Short web captions
====
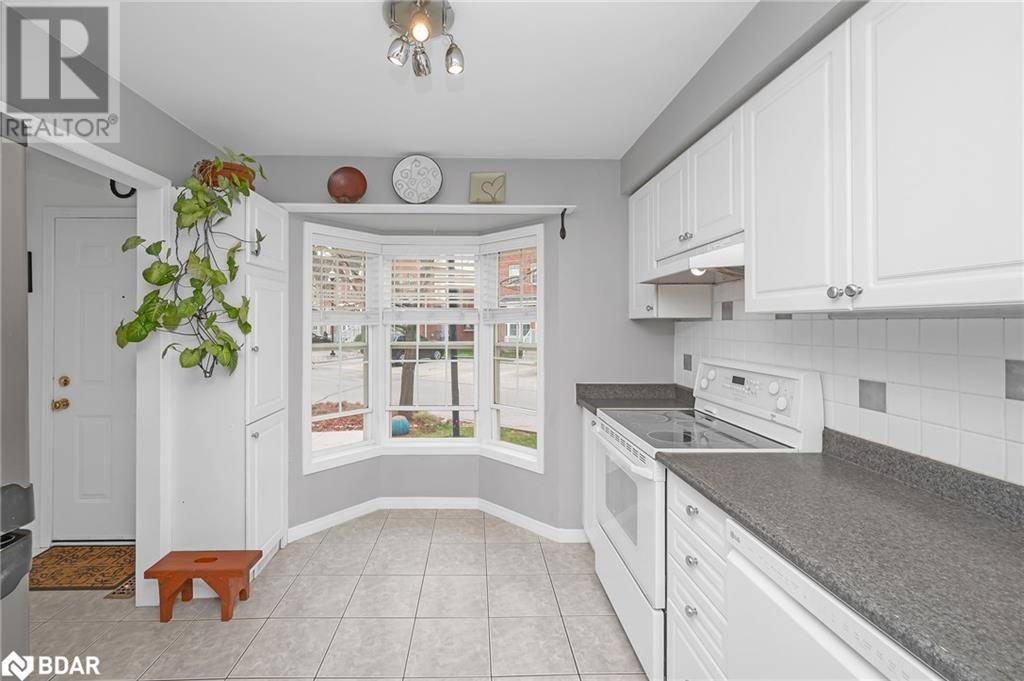Burlington, ON L7M4Y3,4200 KILMER DR #64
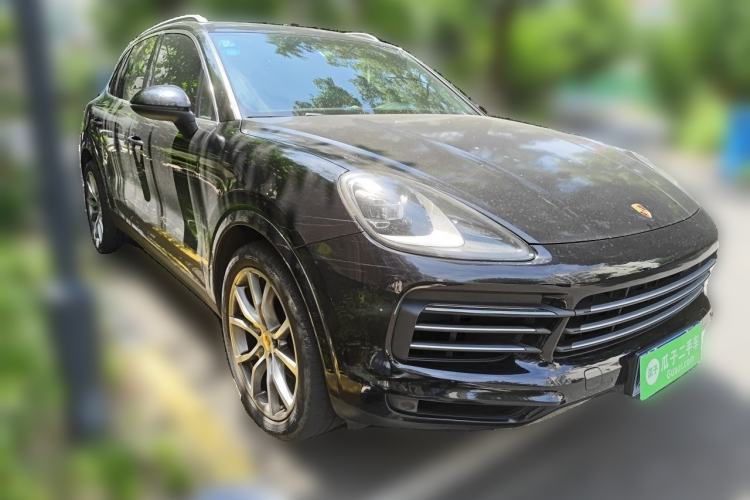 Used Porsche Cayenne  Front Right 45 Deg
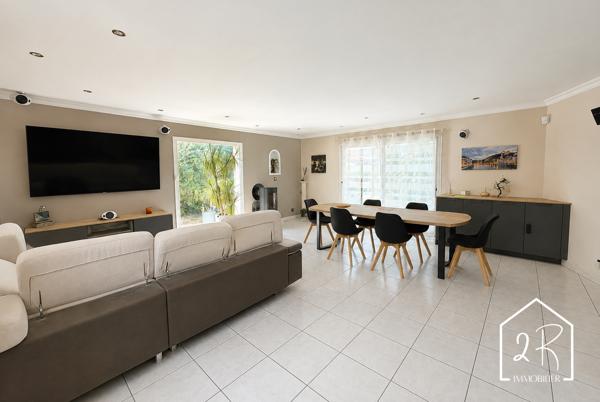 Maison individuelle 126 m² avec garage et piscine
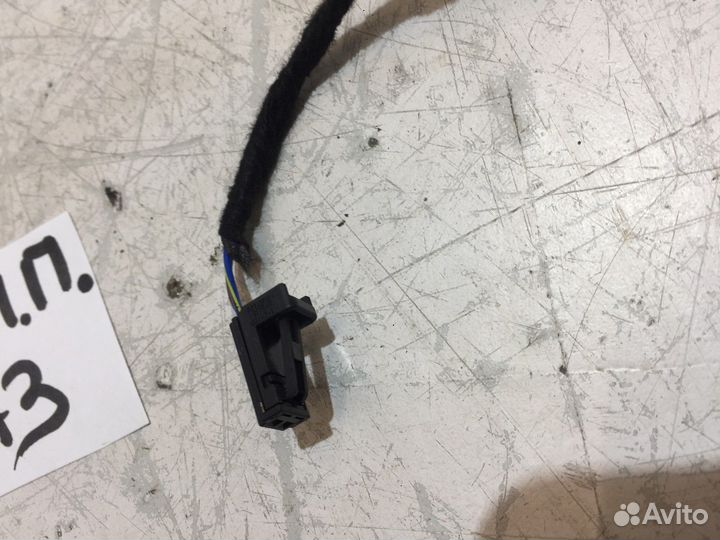 Электропроводка обшивки двери передняя правая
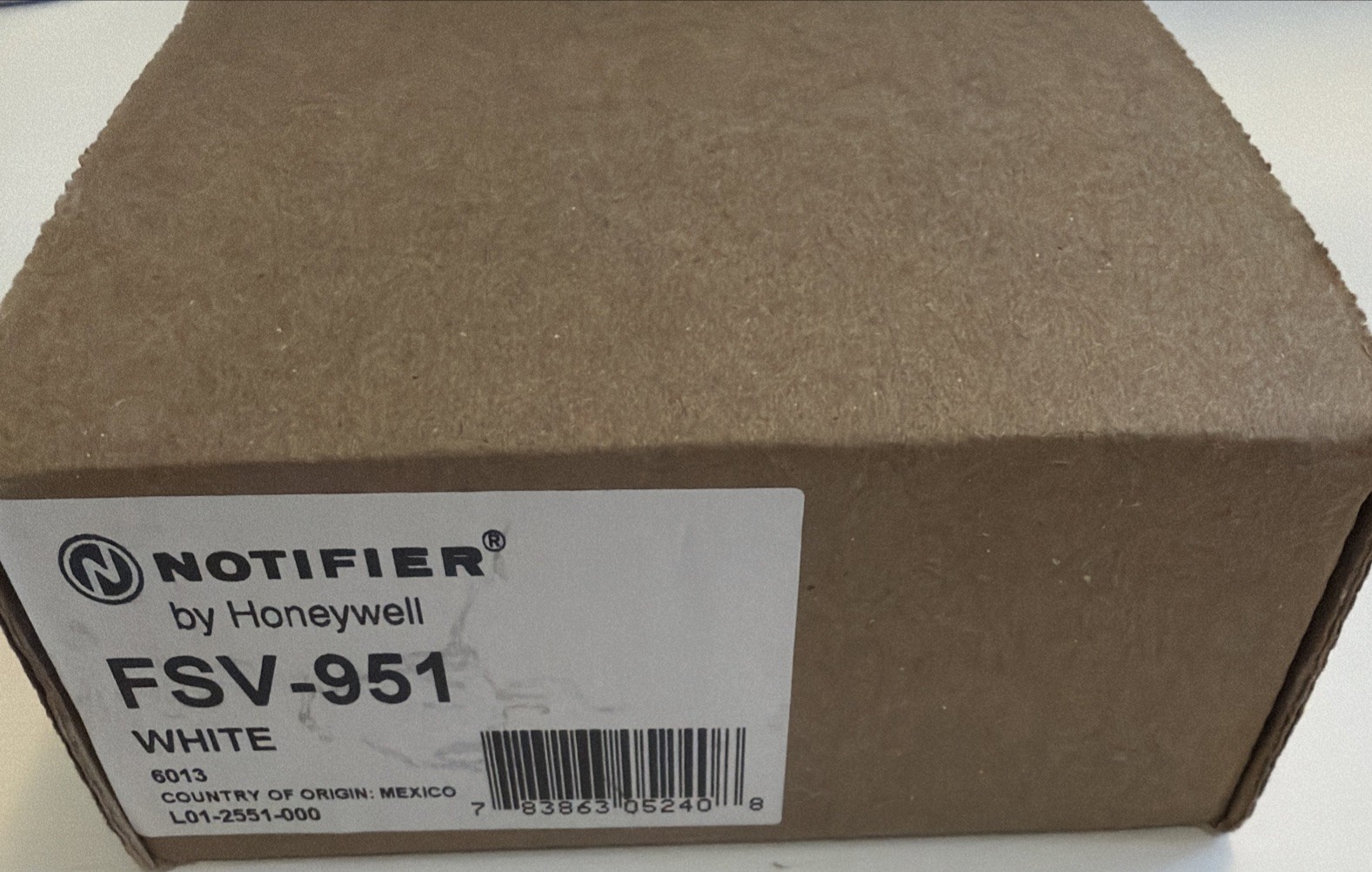 NOTIFIER FSV-951 INTELLIGENT HIGH-SENSITIVITY PHOTOELECTRIC SMOKE DETECTOR.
====
### TRY IT:
The copy you produce must repeat all the entries exactly and contain no pictures.

### WRITTEN RESPONSE:
Burlington, ON L7M4Y3,4200 KILMER DR #64
 Used Porsche Cayenne  Front Right 45 Deg
 Maison individuelle 126 m² avec garage et piscine
 Электропроводка обшивки двери передняя правая
 NOTIFIER FSV-951 INTELLIGENT HIGH-SENSITIVITY PHOTOELECTRIC SMOKE DETECTOR.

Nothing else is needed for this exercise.